Yo te di el suelo cuando no tenías piso, te di la sonrisa
que el mundo te negó; fui el andamio, la calma y el compromiso, mientras tu
propio orgullo se alimentó.
Te puse alas para que volaras alto, sin saber que tu vuelo
era de rapiña; querías probar el sabor del asalto, y quemaste el hogar que te
dio la cobija.
Crees que hoy eres otro por verte al espejo, pero el alma
no cambia por un diente nuevo; sigues siendo el hombre pequeño y perplejo,
que huye del amor porque le queda grande el cielo.

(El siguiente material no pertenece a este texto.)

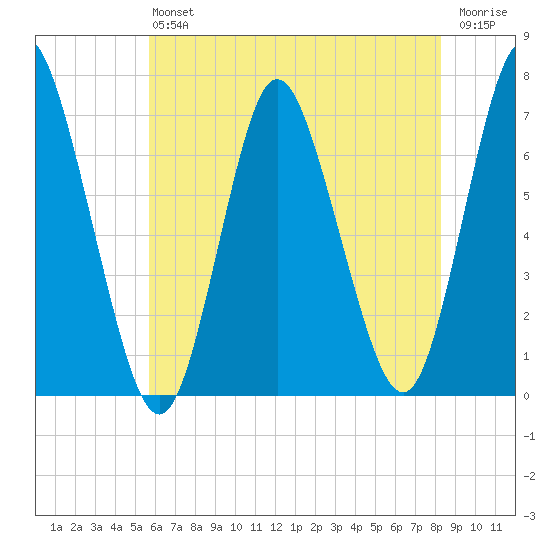 Bayville Bridge tide chart for Saturday, July 24, 2021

Gracias por la herida, me enseñó el camino: no se salva a
nadie que no quiera ser luz.
No dolió el adiós, dolió la burla.
No fue el desprecio, fue el espejo roto: ver tu imagen en un
alma nula,
elegida por un corazón ignoto.
Creíste hallar fortuna en la moneda falsa, cambiaste el oro
puro por un brillo vano; ahora tienes un eco que no te alza, y la mano que te
dio, ya no está en tu mano.
Hoy camino libre, dueña de mi destino, y tú te has
quedado... cargando tu propia cruz.
Autora : Ma. Gloria Carreón Zapata.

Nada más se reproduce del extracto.